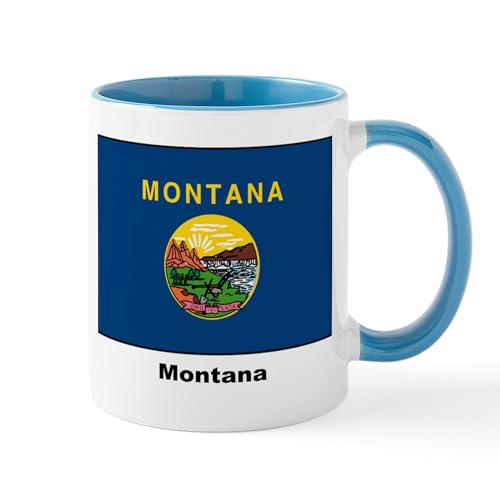 White/Blue Inside - Montana State Flag Mug
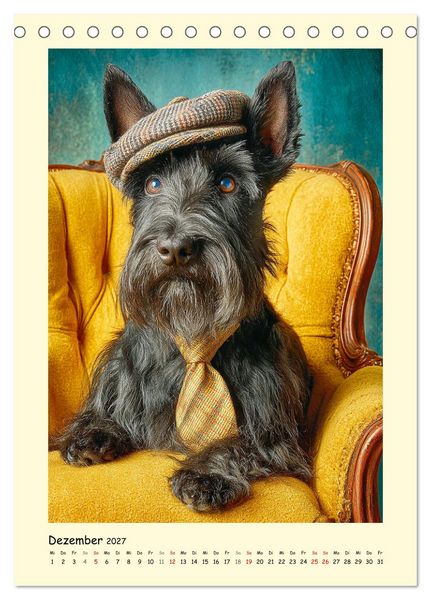 Produktbild: Scottish Terrier. W&uuml;rdevoller und robuster Gentlemen (Tischkalender 2027 DIN A5 hoch), CALVENDO Monatskalender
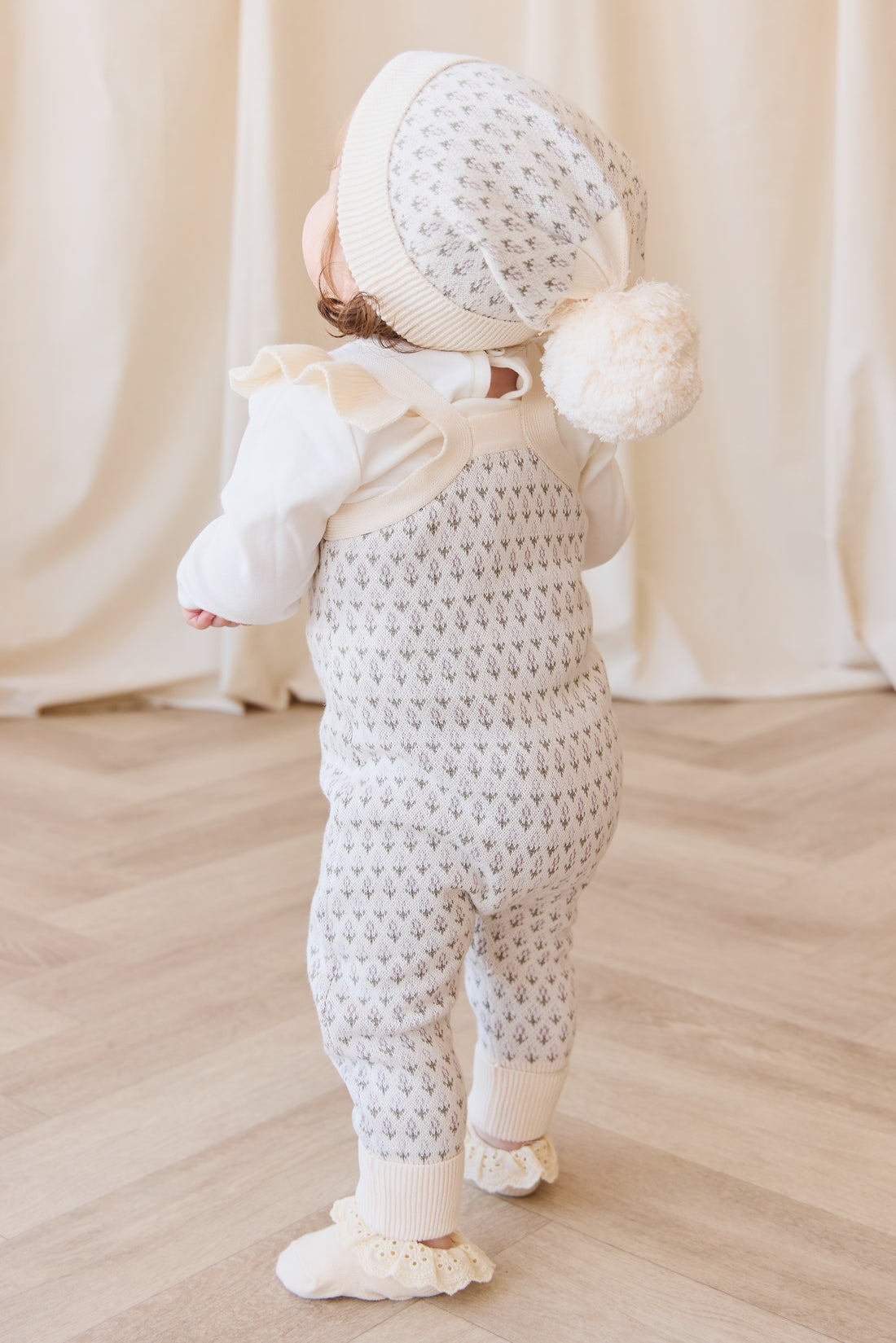 Savannah Jacquard Onepiece - Sheer Pink Childrens Onepiece from Jamie Kay NZ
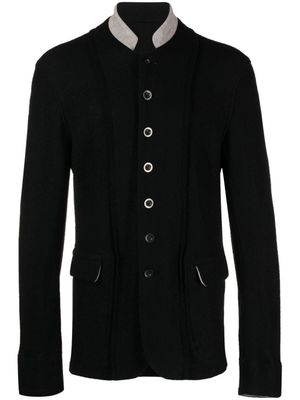 The Viridi-Anne blazer Fulling à col contrasté - Noir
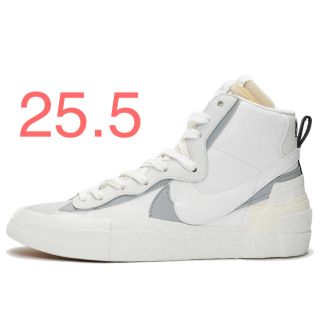 サカイ(sacai)のidont専用 Nike BlazerSacai White Grey ナイキ (スニーカー)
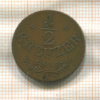 1/2 крейцера. Австрия 1816г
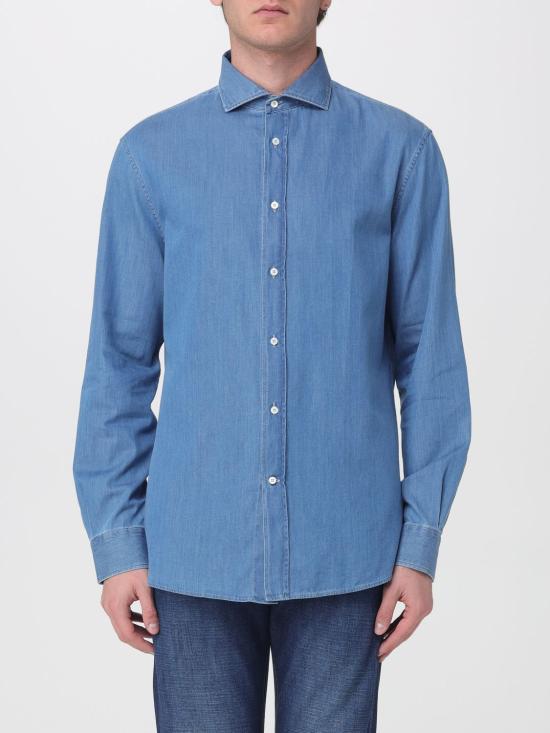 26SS 브루넬로 쿠치넬리 데님 셔츠 MR6830627 C001 Stone Bleached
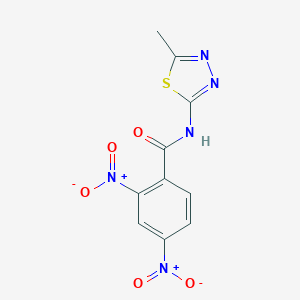 N-(5-methyl-1,3,4-thiadiazol-2-yl)-2,4-dinitrobenzamide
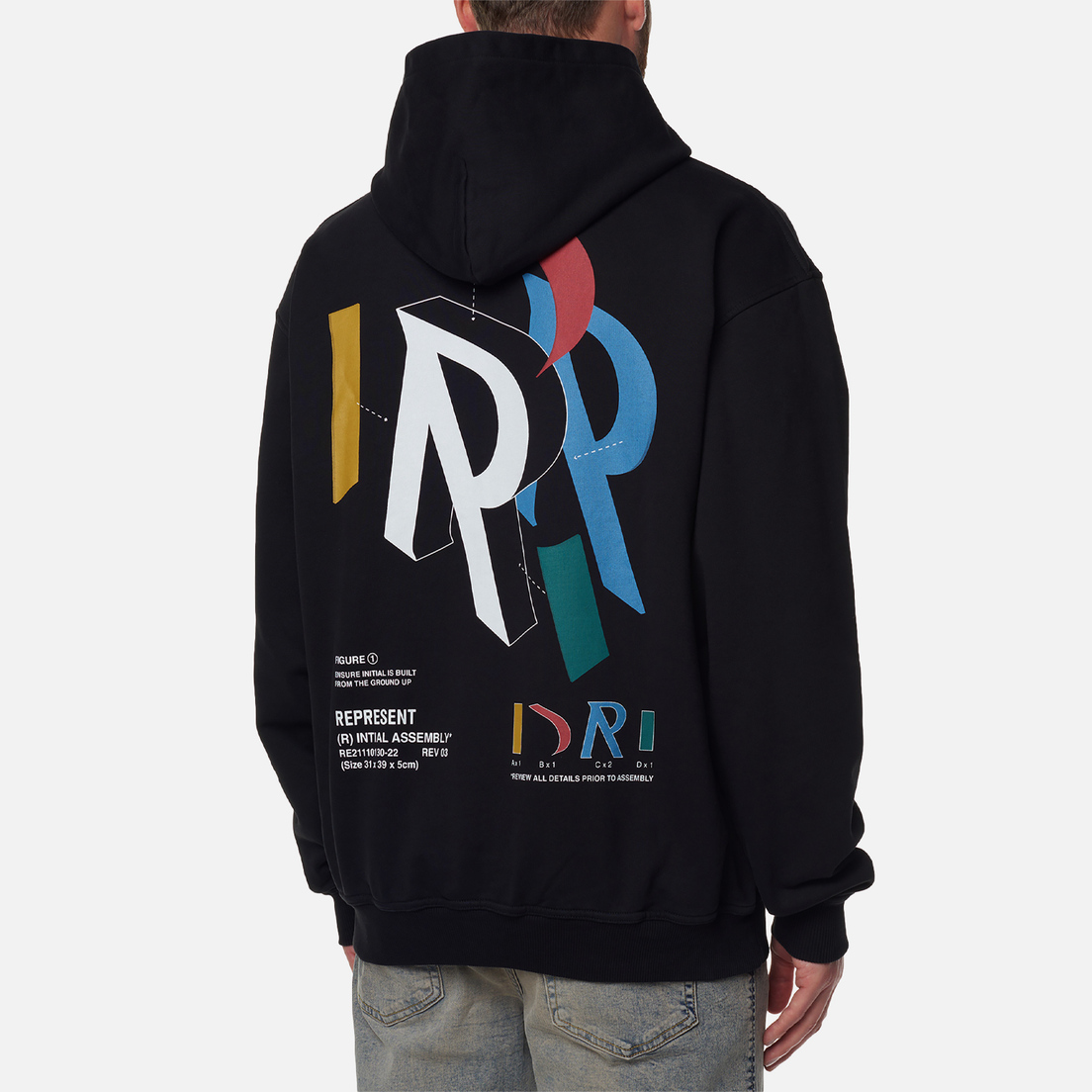 REPRESENT Мужская толстовка Initial Assembly Hoodie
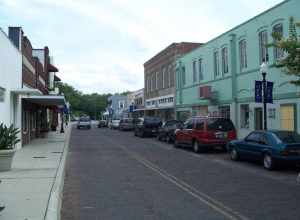 Street in the Downtown Historic District, in Winter Garden, Florida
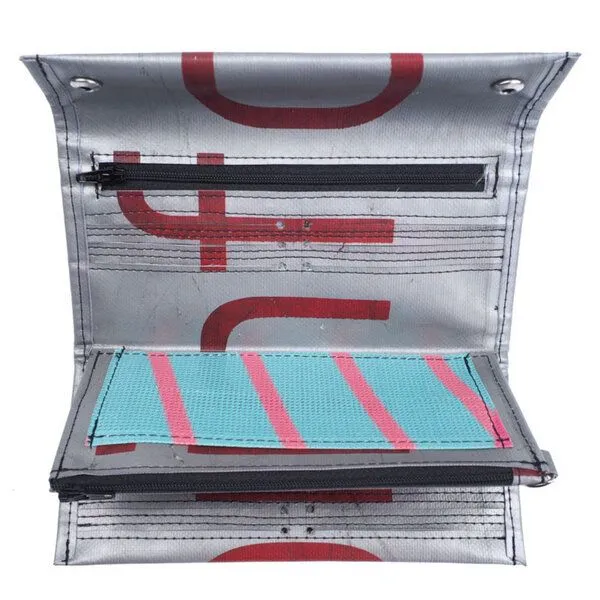 Rebago Rebago Portemonnaie Wallet Tarp XL, Silbern-rot-p, – Produktbild 2 von 4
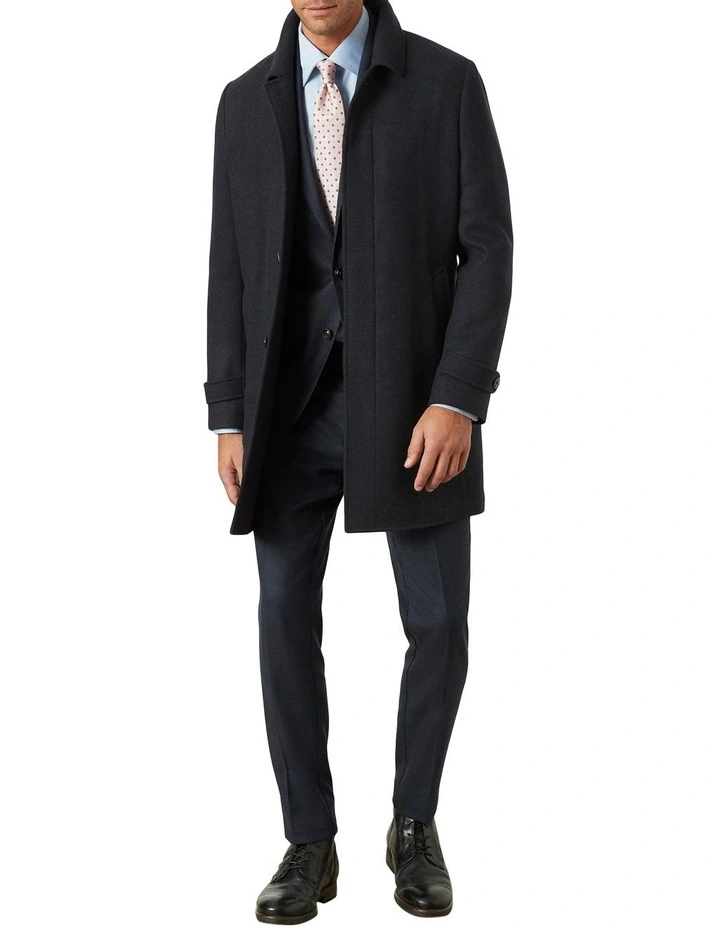 Balfour Coat in Navy image 2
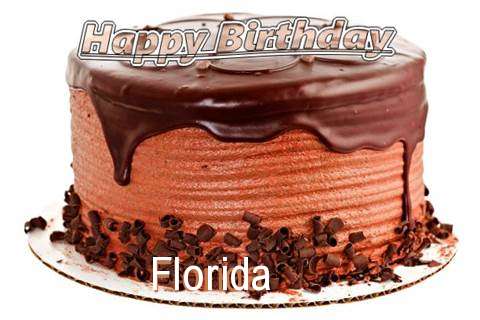 Happy Birthday Wishes for Florida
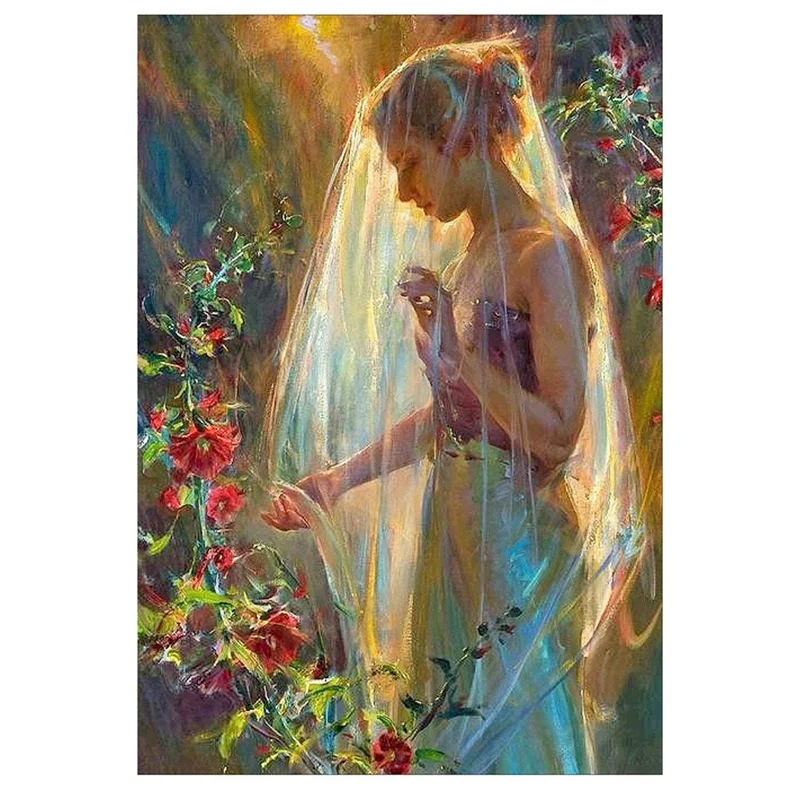 DIY наборы для алмазной живописи для взрослых, полный набор для рисования с кристаллами Стразы для украшения дома Veil Girl
DIY наборы для алмазной живописи для взрослых, полный набор для рисования с кристаллами Стразы для украшения дома Veil Girl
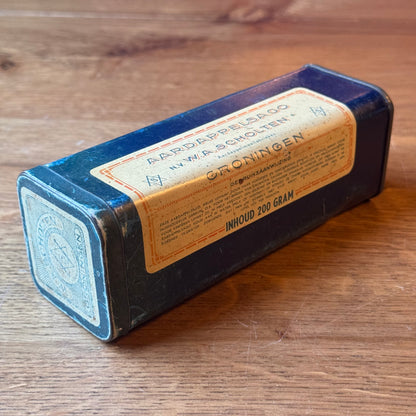 Antiek Aardappelsago Blik – W.A. Scholten Groningen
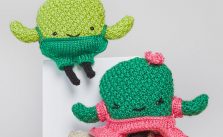Free Knitting Pattern for Prickles and Pear Knit Cactus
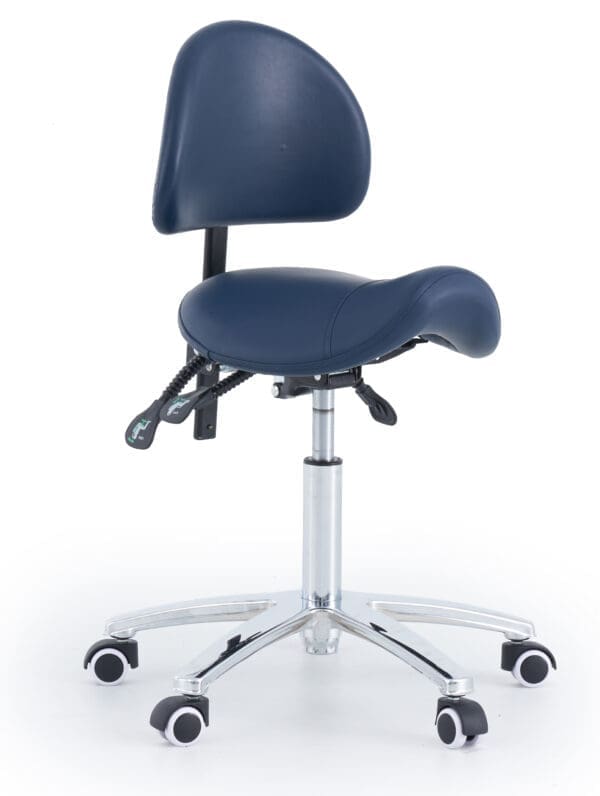 Medical Professional Stool Saddle SSBR Saddle Stool With Backrest SSBR Front 2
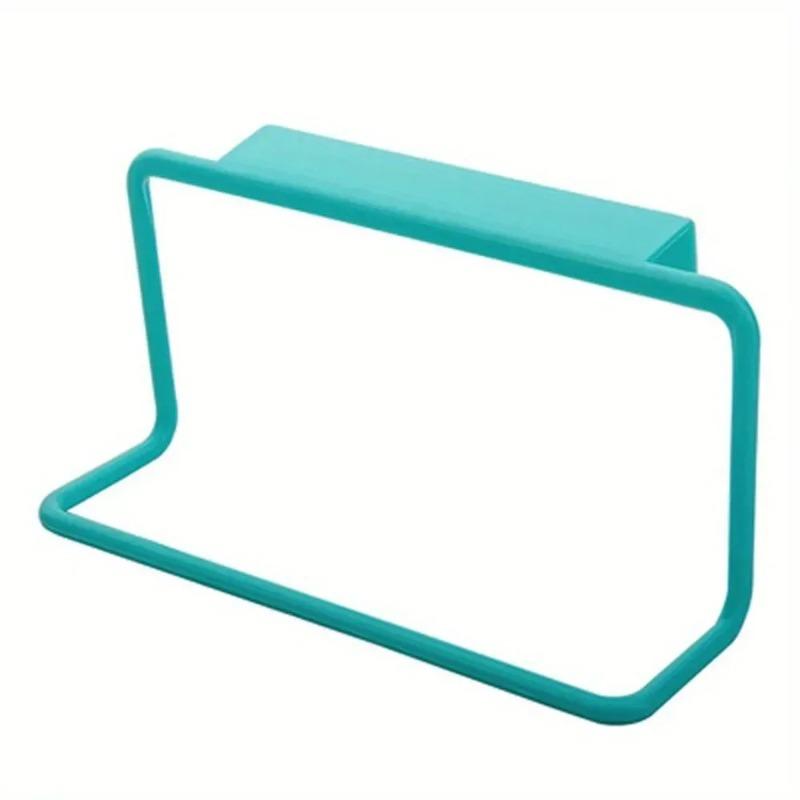 

Multifunctional Door Rack Hanging Holder for Cabinet Towel Storage Kitchen Bathroom Organizer Durable PP Plastic Hanging Holder синий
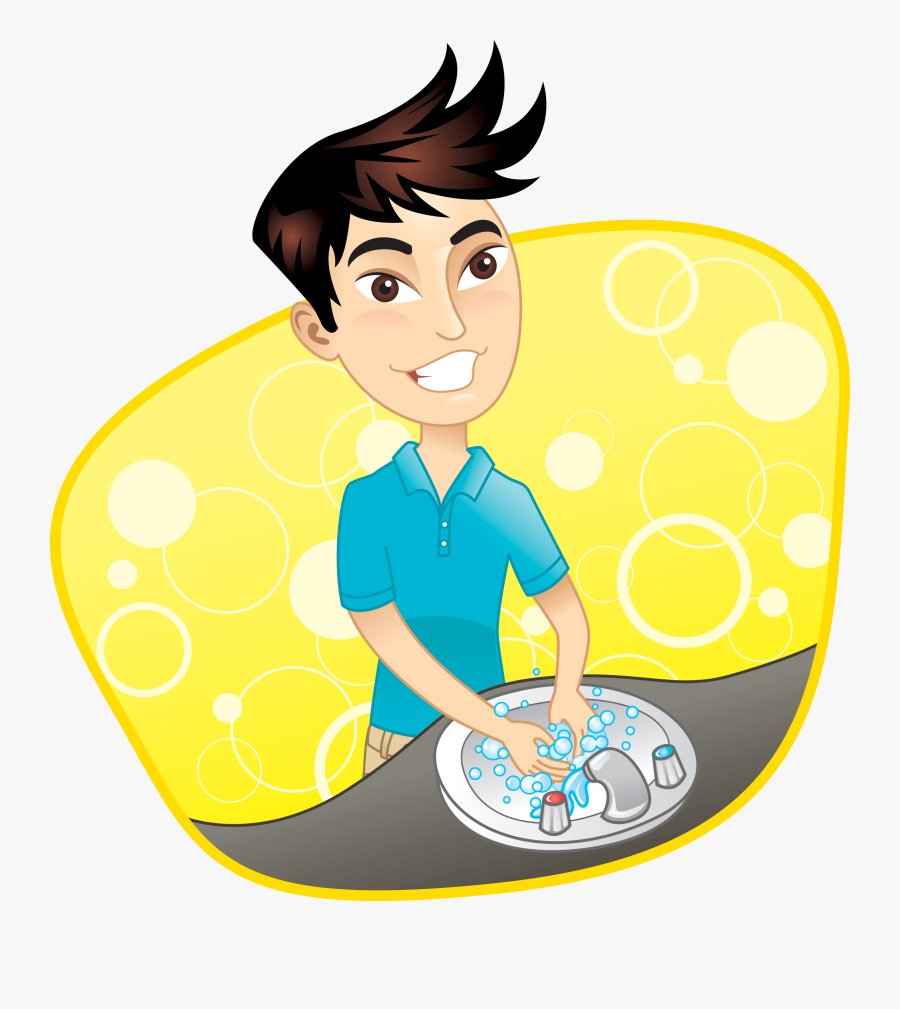 Boy Washing His Hands , Transparent Cartoons, Transparent Clipart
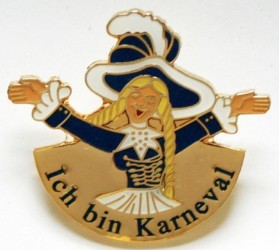 Ich bin Karneval FunkenmarieIch bin Karneval Pin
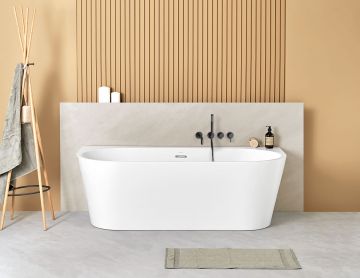 Acryl ligbad Torino Muro 170x80cm wit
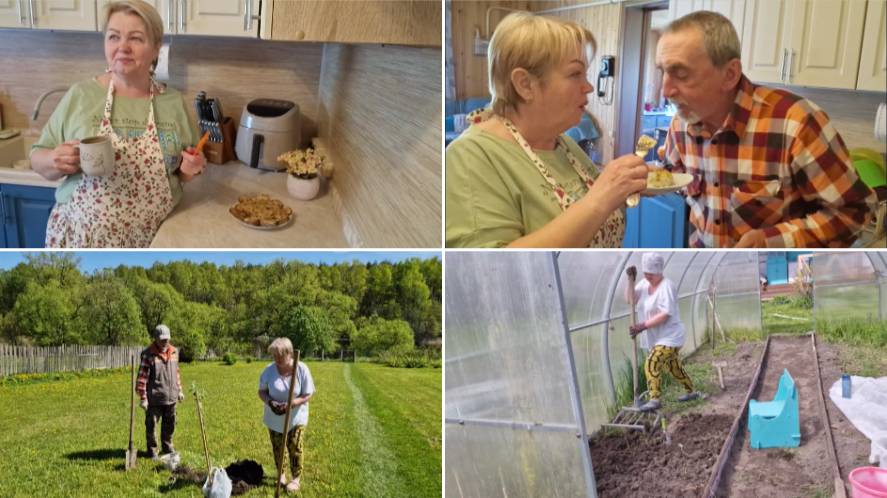 КОТЛЕТКИ ПОЛУЧИЛИСЬ ПРОСТО БОМБИЧЕСКИЕ. А МЫ УБИВАЕМ СЕБЯ НА ГРЯДКАХ.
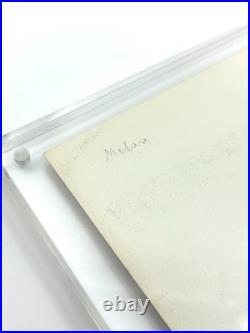 Émile ZOLA, grande photographie de Médan en fleur Épreuve originale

- Exercise requirements -
Print exactly the lines above that run from the one with "REPRESENT Мужская толстовка" to the one with "Happy Birthday Wishes for Florida", both included. No pictures.

- The answer -
 REPRESENT Мужская толстовка Initial Assembly Hoodie
 Street in the Downtown Historic District, in Winter Garden, Florida
 Rebago Rebago Portemonnaie Wallet Tarp XL, Silbern-rot-p, – Produktbild 2 von 4
 Balfour Coat in Navy image 2
 Happy Birthday Wishes for Florida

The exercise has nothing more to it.